In April 2009, Somali pirates boarded a U.S. commercial cargo ship, the Maersk Alabama, took the ship’s captain Richard Phillips hostage, and held him until he was rescued by the U.S. Navy several days later. This international crisis was depicted in the 2013 film Captain Phillips, starring Tom Hanks. As a member of the public relations team for Maersk, the company that owned the ship at that time, I learned several valuable PR lessons that could only possibly be learned from experiencing the first pirate hijacking of a U.S. ship in more than 200 years.
A crisis, by its very nature, is something unexpected, unplanned for or out of the ordinary. Attempting to guess how every possible situation might play out and proactively devising specific plans to respond in advance seems a lot like gambling.
Successful preparation for communicating in a crisis is similar to coaching a sport, like basketball, in that it’s most effective when participants have necessary skills and have practiced applying them to a variety of situations.
Imagine two basketball teams competing against each other. One team rarely plays the sport but brings with them to the game extensive instructions from legendary coach Dean Smith on how to perform in nearly any situation. Their opponents have no such instructions but are in good physical condition, play together regularly, and practice dribbling, passing and shooting—the core skills of the game.
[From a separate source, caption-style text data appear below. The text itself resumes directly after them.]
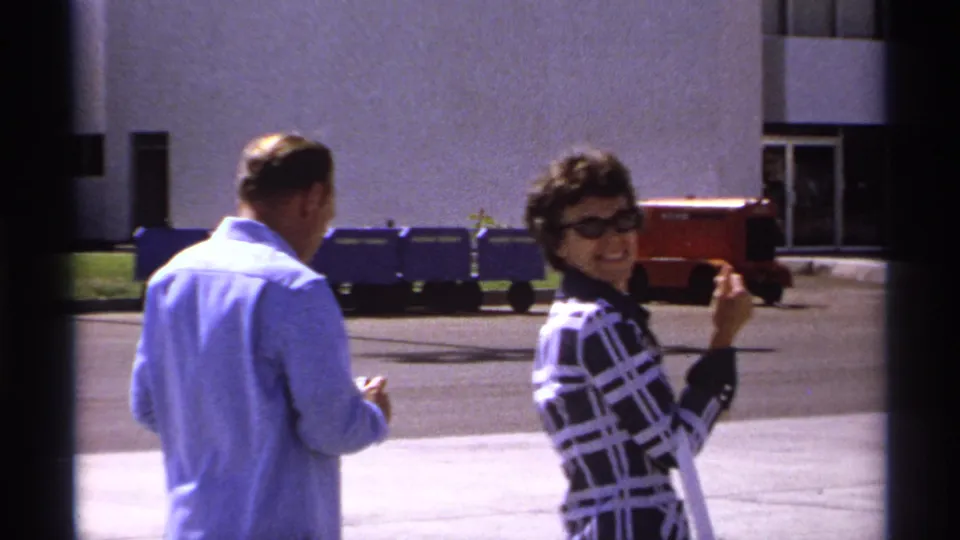 The woman in sunglasses turns toward the camera and smiles while holding a small paper, with the man and building exterior nearby.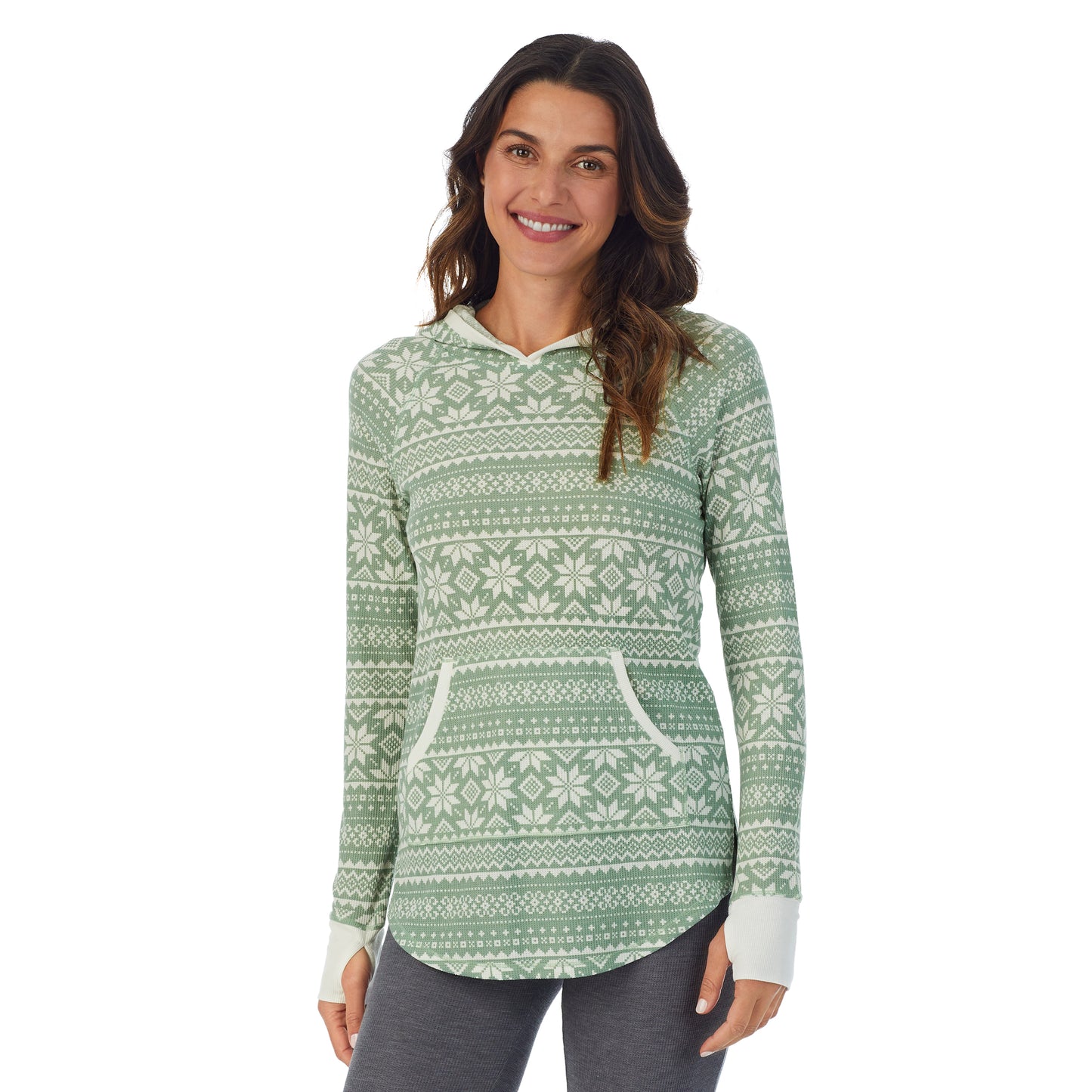 Soft Olive Fairisle; Model is wearing size S. She is 5’9”, Bust 34”, Waist 25.5”, Hips 36.5”. @A lady wearing a Soft Olive Fairisle long sleeve hoodie tunic.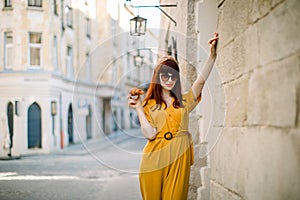 Fashion city portrait of gorgeous young Caucasian red haired woman, dressed in stylish yellow overalls, sunglasses and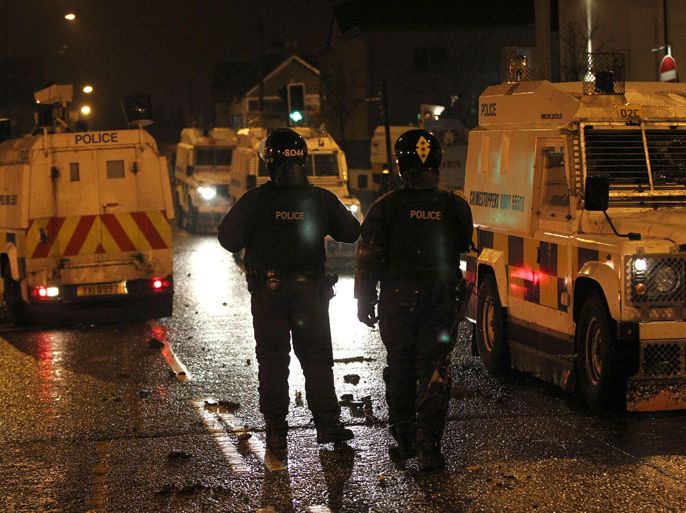afp/Police in armoured vehicles secure the area in Carrickfergus, near Belfast in County Antrim, Northern Ireland on January 11, 2013 after a Loyalist demostration as part of an ongoing campaign opposing Belfast City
The second team in this scenario is much more likely to be successful because they can respond with agility to the quickly changing pace and situations presented in a game of basketball. Take some of these steps to develop crisis resources, increase flexibility, and hone core skills:
• Ditch the plan and opt for a process. Prior to the Maersk Alabama incident, I, like many PR professionals, had a large binder in a desk drawer that contained my “crisis plan.” While there were some items in that binder that ultimately proved useful, we developed the vast majority of our tactics as the crisis unfolded. Instead of guessing which crises you will experience, determine and document key personnel who need to convene to make decisions in an emergency and develop the templates and resources they will need to communicate rather.
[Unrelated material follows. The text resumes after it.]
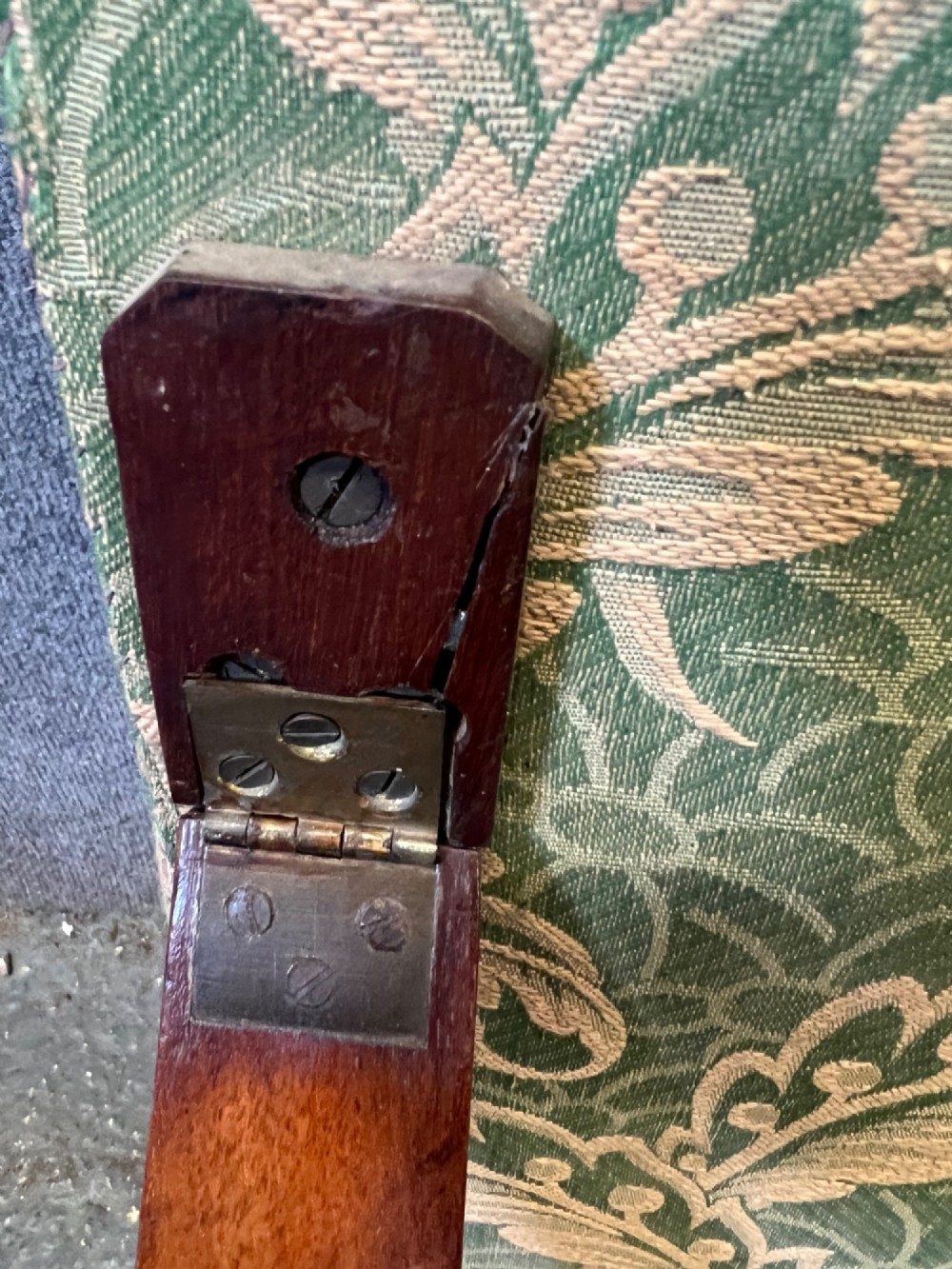 A Victorian campaign adjustable wooden backrest frame upholstered in patterned green fabric with notched timber ratchets for support. View IV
• Practice makes perfect (or at least better). Once you have a crisis process, key contacts and some tools in place, there is no substitute for practicing your response. Hold at least one crisis drill or exercise annually and adjust or update anything that doesn’t work well.
• Build rapport with functional peers. To help avoid friction with functional peers (legal, HR, security) in your organization during the heat of a crisis, take time to establish a relationship with each of them. Discuss, even if only in hypothetical terms, how you would review information for release in a crisis situation, or better yet, involve them in a crisis drill.
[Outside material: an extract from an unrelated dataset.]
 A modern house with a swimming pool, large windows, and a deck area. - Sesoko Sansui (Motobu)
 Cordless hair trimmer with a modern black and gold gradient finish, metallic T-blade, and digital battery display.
• Sharpen your spokespeople. High-stress situations are amplifiers—they bring out the best in skilled communicators and the worst in those that are unprepared. Make sure you help your spokespeople stay sharp with periodic public speaking engagements and on-camera interviews. It’ll make a real difference when they have to address a crowd or a group of media during a crisis, and it will help ensure credibility and resonance for your message.